Representation in respect of new Visteon UK Limited employees hired following legal separation of Visteon UK Limited from Ford will be the subject of discussion between Ford, Visteon UK Limited and the appropriate national unions in the UK."

  1. The EJ held that for collective bargaining purposes employees of Visteon UK Ltd. and subsequently the Respondent were divided into three groups. The "blue" transferred group comprise original Ford employees who transferred to Visteon UK Ltd. on 28 April 2000. The "purple" group are new hires who joined after 28 April 2000 but before 1 March 2001. The "orange" group are employees who joined after 1 March 2001.
  1. The EJ set out in paragraph 21 the Ford pay agreements from 1 December 1999 to 16 October 2008. The final agreement was a 3 year agreement which was not mirrored by the Respondent and it is that pay increase which gave rise to these claims. Not only employees in the "blue" transferred group but also those in the "purple" and "orange" groups were given the same pay increases as those for Ford employees up to but not including 2008.
  1. In accordance with the MTA, until 28 April 2006 former Ford employees who transferred to Visteon UK and thereafter to the Respondent were represented in the Ford Procedure and bargaining arrangements. The terms of new hires were the subject of collective agreements reached with the Respondent by their representatives.
  1. An "Amending Agreement – Pay, Pensions and Competitiveness – Visteon UK Ltd." entered into on 20 December 2006 ('the Amending Agreement') was the first collective agreement negotiated with the Respondent rather than with Ford which purported to set rates for "Visteon Mirrored Terms employees" as well as for new hire and competitive cost rate employees.

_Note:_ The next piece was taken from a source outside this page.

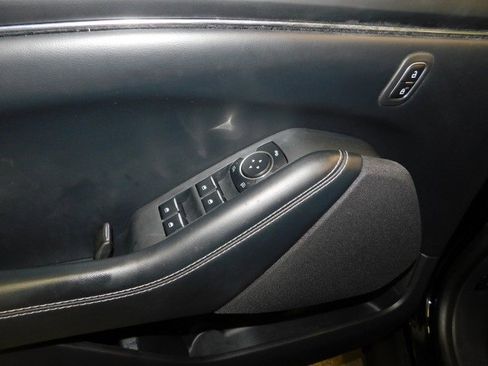 Used 2023 Ford Mustang Mach-E Select image 15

All the employees in the occupational groups covered by the Amending Agreement, whether they were "blue", "purple" or "orange" were given the same percentage increases which in turn were the same as the Ford increase. The Amending Agreement fixed pay increases for two years until November 2008.
  1. A procedure agreement was entered into on 14 June 2007 by the Respondent with UNITE ('the Procedure Agreement'). The Procedure Agreement regulated:

"…the procedure for the relationship between [the Respondent] and UNITE representing the members who are on the General Salary Roll, Professional level and Hourly Manual Employees of [the Respondent]."

It was a general principal of the Procedure Agreement that:

"c) [The Respondent] confirms that UNITE has exclusive rights to negotiate on behalf of, or represent the Employees defined as part of this Agreement.

d) UNITE has the right to exercise it's (sic) functions within the provisions of this Agreement on the basis that matters concerning major terms and conditions will be the subject of determination at the [Respondent] NJNC [National Joint Negotiating Council]…"

  1. The Union negotiators requested that former Ford employees be given a pay increase mirroring that in Ford for 2008 and 2009. The Respondent offered a lower percentage increase to the "blue" transferred group, which is likely to have been the same as that give to new hires and competitive cost rate employees. However the "blue" transferred group were in addition offered a cash lump sum. The offer was made subject to conditions which included "no further 'Mirroring' of Ford changes to terms and conditions" and "Cessation of all legal actions pursuant to the claim for the non-payment of the 5.25% pay increase from November 2008." The Respondent made the final increased offer on 20 July 2010. The EJ recorded that negotiations were still continuing at the date of the hearing before him and there had been no pay increases.
  1. The contracts of employment of all the Claimants incorporated "Current Agreements made between the Company and the Trade Unions". The pro forma terms of employment included in the documents before us were those entered into with Ford.
**The judgment of the EJ**
  1. The EJ held at paragraph 25 that the pay terms of the MTA were incorporated into the contracts of the "blue" transferred employees, the remaining Claimants in these proceedings. There is no appeal from that finding.
  1. At paragraph 26 the EJ held:

"The major dispute in the case has been reliance placed upon the minutes of a FEWC select committee meeting on 12 and 13 January 2000 in the run up to the 25 January mirrored terms agreement. Superficially this provides very telling evidence in support of the claimants' construction of the agreement."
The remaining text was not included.